Author: Francesc Reina González

Supervisor: Irene Castellón and Lluís Padró


The prepositional category has traditionally been a word group endowed controversial traits concerning both its linguistic features and its grammatical behaviors. In this thesis the controversy is examined from a quantitative, computational and linguistic methodology point of wiew. The most unexplained gap in the story of this difficulty of analysis lies in the fact of how its meaning can be identified.

From a neo-distributionalism conception, according to which the meaning of the linguistic pieces is in their contextual distribution, the hypothesis that arises is that this semantic expression of the prepositions in Spanish is gradual. The so-called Gradual Meaning Hypothesis establishes four prepositional subclasses, from functional to lexical, through intermediate phases such as semi-functional and semi-lexical.

The empirical justification of the Gradual Hypothesis of Meaning is performed with four experiments.

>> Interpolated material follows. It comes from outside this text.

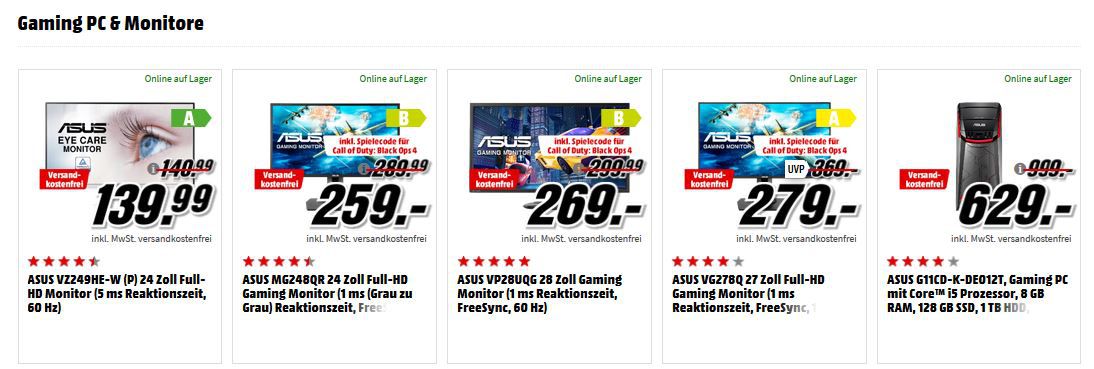 Media Markt Asus Notebook Tiefpreisspätschicht: z.B. ASUS ZenBook S UX391UA mit i7  256GB SSD für 988€ (statt 1.204€)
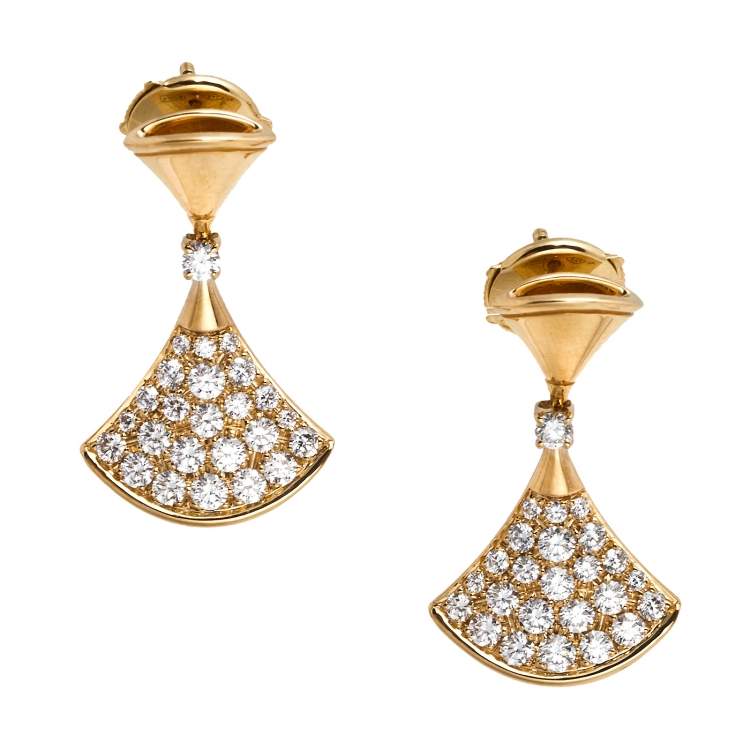 Pre Owned Bvlgari Divas' Dream Diamond 18k Yellow Gold Earrings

The first one experiment is inserted in the machine learning methodology. To do this, and using the clustering technique, we observed a set of 79,097 triplets of the form X – P – Z, where P is a preposition of Spanish – based on complementary prepositional phrases. They are triplets with the prepositions a, hacia and hasta of movement verbs, and they are extracted from four well-known linguistic corpus of Spanish. Once the automatic groupings have been obtained, we indicate to what extent, the percentage between the predictions of the human scorer – the suggested prepositional classes – and the machine – the clusters – are confirmed.

In the second and third experiments, we changed our methodology and turned to the measurement of entropy –variable in Information Theory-. In the second onewe classify the names of 3,898 triplets that depend on verbs that appear on most semantic fields in Spanish; and in the third one we classify 3903 triplets that complement other names.

This name classification is based on a proposal of six types of semantic categories: Animate, Inanimate, Abstract Entity, Locative, Temporary and Event. Once the names are classified, their entropic organization is measured and it is verified that there is a correlation between the degree of entropy and the prepositional class: the greater the entropy, the greater the meaning.

The fourth experiment starts with prepositional use. From a test the degree of variation of these responses is analyzed according to the prepositional class. Again we use entropy as an index of identification of meaning.

The balance of the four experiments – through the results – is favorable to the prediction of the hypothesis. The diversity of analysis tools is a methodologically robust way for the research and its conclusions.